Cuando una película se estrena con tres años de retraso en nuestro país, uno no puede evitar preguntarse si los propios distribuidores confían en que funcione bien en taquilla. Cabe pensar que si creyeran de verdad en ella, la habrían estrenado antes, aunque también puede deberse a que este sea el momento indicado y que ellos lo supieran de antemano. Como hay varias cintas que no llegan a estrenarse nunca en nuestro país, hemos de dar gracias de que Una dama en París sí, aunque sea tan tarde.
Quizá se deba a que estamos en la mejor época, esa en la que la gente de más de 40 años va al cine con más asiduidad, debido al calor que hace fuera de las salas, una vez que ya han hecho la fotosíntesis de las 11 de la mañana, si es que están ya de vacaciones.
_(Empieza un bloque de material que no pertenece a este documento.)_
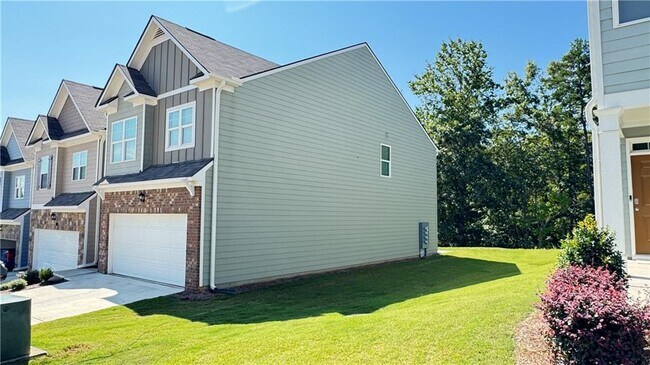 Foto del edificio - 488 Stoneybrook Dr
Uno nunca sabe, pero lo que está claro es que Una dama en París es la clase de filme que gusta de ser visto por gente más mayor o serena, que opina de lo que ve pero sin demasiado entusiasmo, que dice cosas como «está bien, aunque un poco rollo» o «un poco rollo, pero está bien», que la frescura le asusta. Porque Una dama en París es también así, no demasiado disfrutable, tampoco una mala película, sí algo formal y clásica, pero que no ofrece nada especial, memorable o diferente de las cien películas que también hablaran sobre la vejez, el amargamiento y la amistad en el pasado, en las que el anciano encabronado putea con bastante gracia al protagonista o cuidador hasta que acaban como todos sabemos que terminan estas historias.
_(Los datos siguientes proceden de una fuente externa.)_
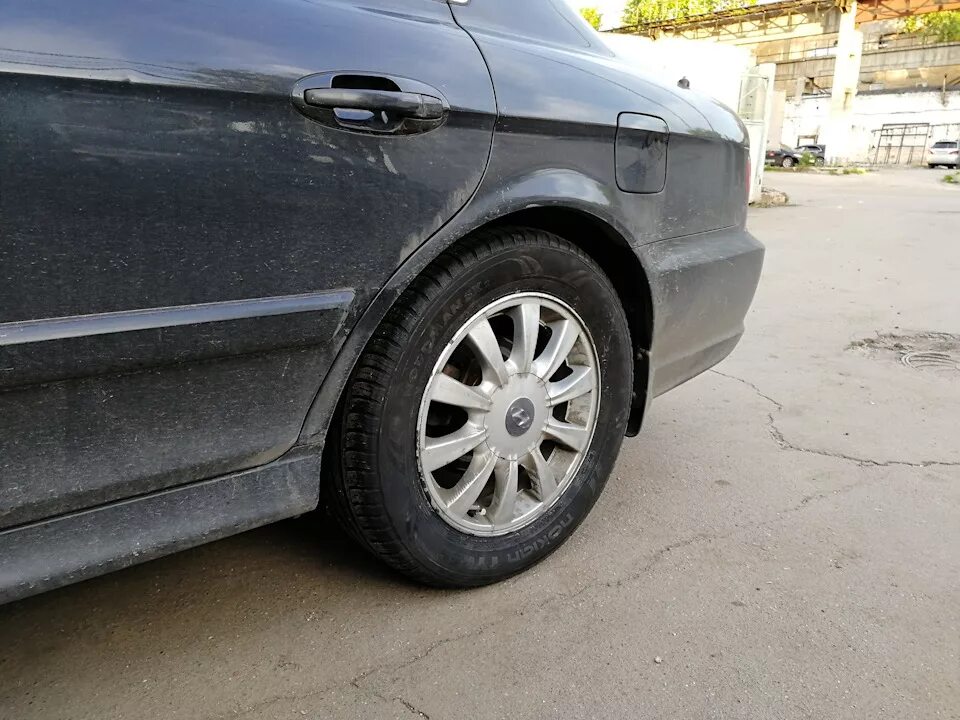 Диски хундай соната 16 нф. Зимняя резина на 2010 hyundai sonata r17. Колесо hyundai grandeur. Резина на хендай сонату. Диски хундай соната 16 нф.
Pero claro, como digo, la historia está ahí para no disgustar, y apela además a cierto tipo de público, ese que conoce el trabajo y sabe quién es y ha sido Jeanne Moreau, porque Una dama en París ha sido realizada para ella, para su lucimiento y el de París, esa ciudad tan bien vendida en el cine. Porque si me muestran a una anciana de 87 años —84 tendría entonces— en la ficción, intentando que sea veraz, a mí me gustaría que fueran un poco más allá de que estén amargados por ser viejos, por haber dejado atrás lo mejor de sus vidas y por tener cerca la muerte, los dolores y la soledad, sobre todo si está siendo tratada con tanta excesiva seriedad. Con esa música triste, además.
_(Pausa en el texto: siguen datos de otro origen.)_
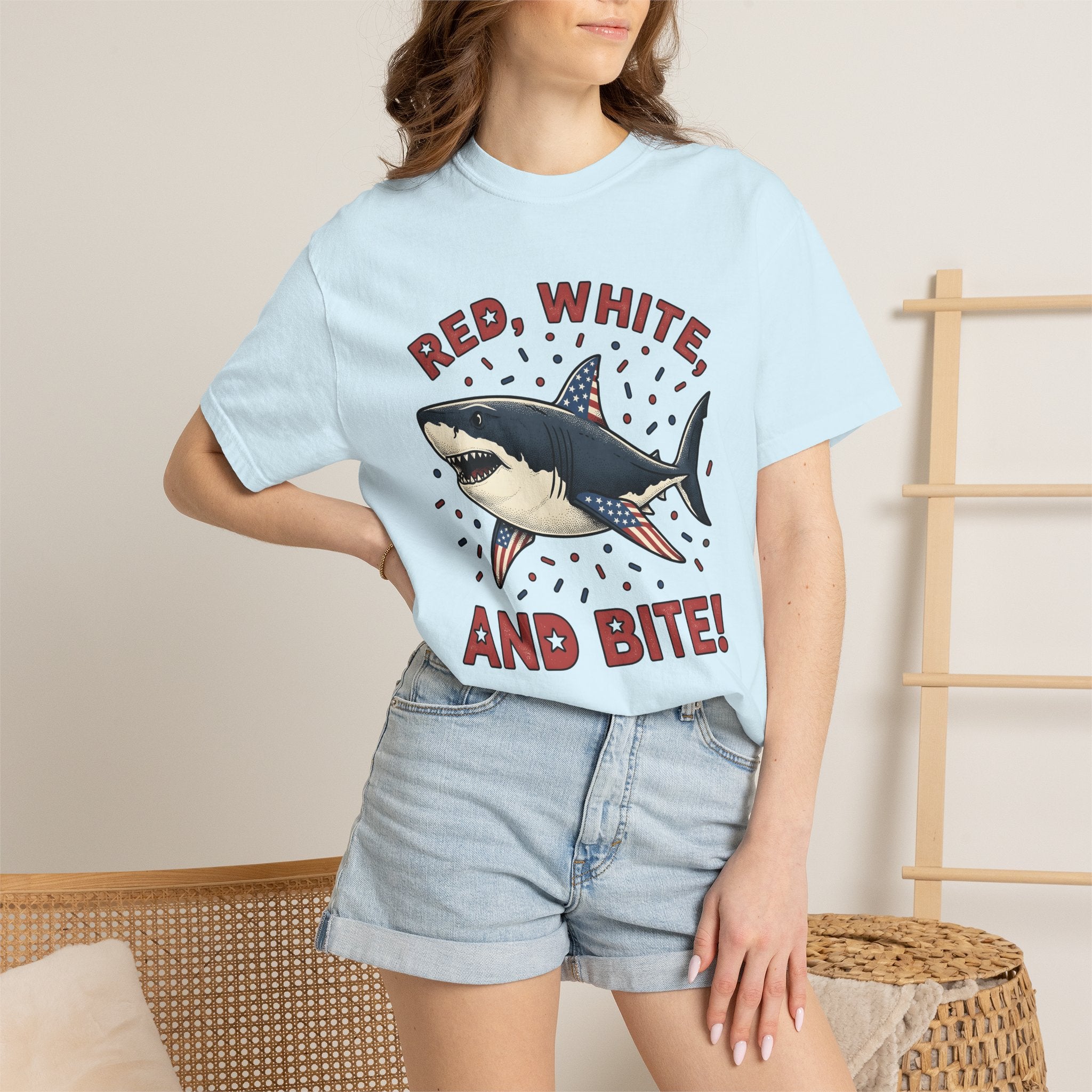 Freedom Shark Shirt 4th Of July Creatures Gift Women Antique Tee Shark T-Shirt Patriot Fan Vintage Tshirt Beast Graphic Nostalgic Sparkles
Hay gente que es mala sin más, en verdad, pero si es así, tampoco van a cambiar, aunque les acabes cayendo bien; y si son buenas personas pero actúan mal por cansancio vital, tampoco es que el guión vaya a dar para mucho más. Por eso este tipo de películas, que van sobre malas personas que resultan ser buenas en realidad, o parecido, me dan un poco igual. No me interesan sus motivos. No me las creo demasiado, o sí, pero no me meto en la historia, ni en la bondad y paciencia de unos ni en la maldad e impaciencia de otros. Ni en esa música triste, aunque se vuelva bonita siempre que aparezca París de fondo. Porque cuando la protagonista más joven camina por París, sobre todo cerca de la Torre Eiffel, las notas musicales cambian.
¿Acaso caminar por París es la clave para ser feliz?
En cualquier caso, y a pesar de que es un placer ver actuar a Moreau con tanta energía, a pesar de los años, y a Laine Mägi, aunque su personaje no permita demasiados alardes, la verdad es que a Una dama en París le falta fuerza, narrativa, visual y argumental; está agarrotada. Le falta empatía por ambos personajes, que es lo que busca, a través de su pasado, su presente y la relación que irá surgiendo entre las dos mujeres protagonistas. Le falta ser un poco más El crepúsculo de los dioses, más mala leche, pues funcionaría igual de bien aunque esté dirigida a un público eminentemente femenino. La corrección formal lo impregna todo, y eso aburre al final, la maldita corrección. Yo habría preferido que la película se pareciera un poco más a la Jeanne Moreau del principio y no a la del final, antes de contar su pasado a los demás.